It is clear that schools are the targets of rightwing attack. The events at the New Berlin, WI school board last night were positively shameful. These were thoughtfully chronicled by Blue Cheddar blog and picked up by Laura Clawson's currently rec'd post on Kos. Teabaggers, fueled by the acid hate of local rightwing radio (a monsterological triad of Charlie Sykes, Vicki McKenna and some other jerk none listens to) laughed and taunted teachers who were basically getting their asses handed to them by oedipal fetishists, drunk on their newly stomped crisis wine. I have never witnessed such mean spirited nastiness in a public meeting.
In a post I diaried yesterday, State Representative Mark Pocan details his experience as a Progressive in attendance at ALEC's annual convention in New Orleans. When asked about new legislation in line for WI, he specifically mentioned that they had a whole slew of "education reform" measures waiting to flow from the fount of fundamentalism. These attacks on public education, teachers and their unions are going to get more widespread, and a lot worse. In New Berlin, the Board is taking away access to fridges and microwaves, and instigating a dress code: trivial humiliations compared to the extra uncompensated hours and diminishment of sick leave. Salmonella, a ban on all popcorn, and skirts below the knee are a necessity in the Brave New World of Education Reform.
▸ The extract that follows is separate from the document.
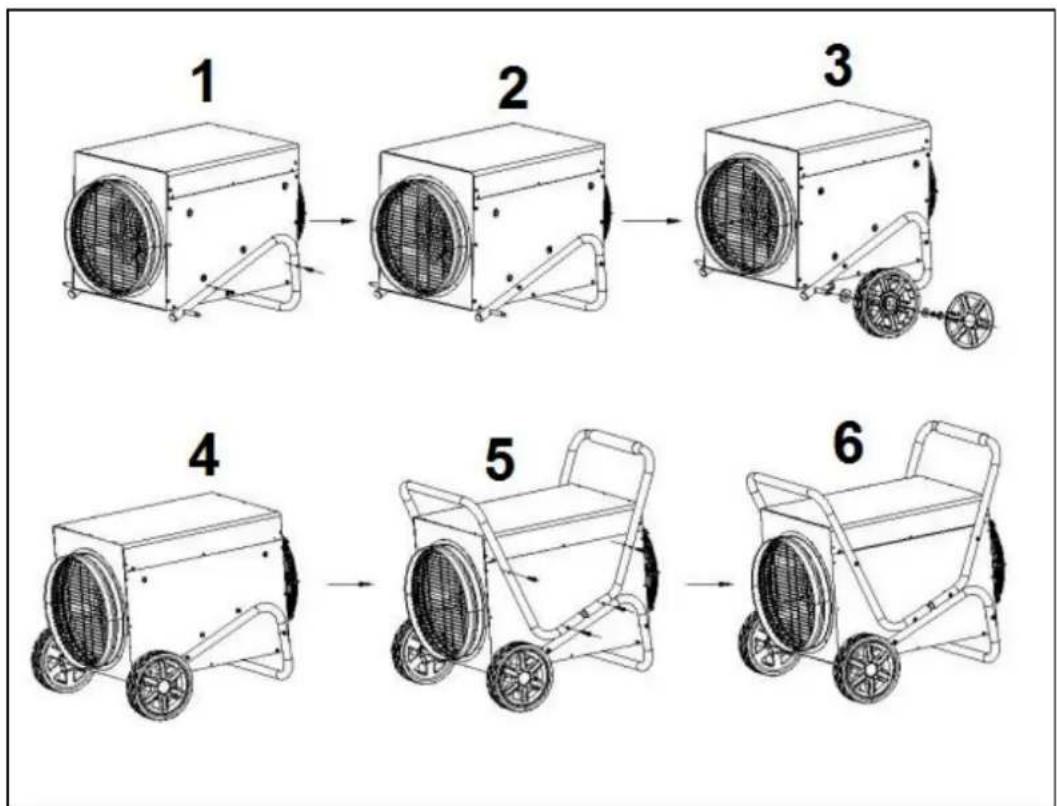 Eurom HeatDuctPro 3kW - 2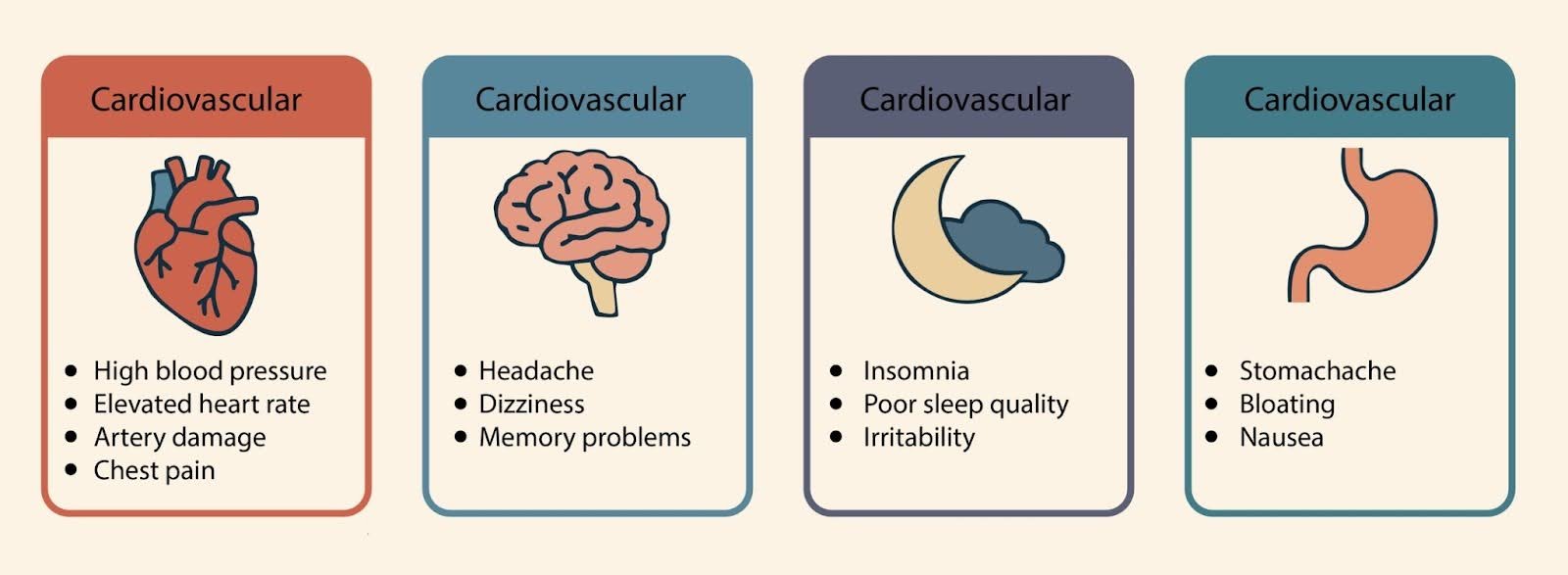 Side Effects of Adderall – Short-Term & Long-Term Risks | Midwest Recovery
Teaching is becoming the new itinerant labor.
Protests at Messmer Academy in Milwaukee last Friday were followed by very unsympathetic coverage from the press. There was no mention of how privatization and budget cuts will affect our public schools, only vitriol at the Union Thugs' general contempt for the visible success of Messmer, one of the original "school choice" sites developed under (then) Governor Thommy Thompson, with ensuing oodles of money - parochial, public and private - funneled in. But the point wasn't (and isn't) about this fine school. It is about the dismantling of public education - an enterprise that cannot cherry pick the brightest students from any given neighborhood in order to claim great benefits of revolutionary pedagogy. The rupture point is a vision of public education itself. A vision that America is founded upon, and that is being dismantled before our surprised eyes.
I end this post with a plea. The power plays in politics, right now, are nested in the hyperlocal. We have to get motivated and do what the Teabaggers figured out two years ago. We need training programs for Progressives to run for office. We need to get active and take back the bureaus and boroughs. From precinct captain to school board to alderman to mayor to municipality. We need to get off our butts and take office.
We need to, as Thom Hartmann says below, "Get to work right now!"
(Yes, this is seven minutes long, but well worth the view if you haven't already seen it).
I end with this question: Why isn't there more emphasis on Kos to these kinds of hyperlocal strategies? Will you share your knowledge with us? Who knows how to get elected as precinct captain? How do we do it? Who has run for school board? Any suggestions?
Why aren't we putting our vast collective intelligence to getting these very real and significant things conceptualized, supported, and funded? In short, we need a massive literacy campaign: for ourselves!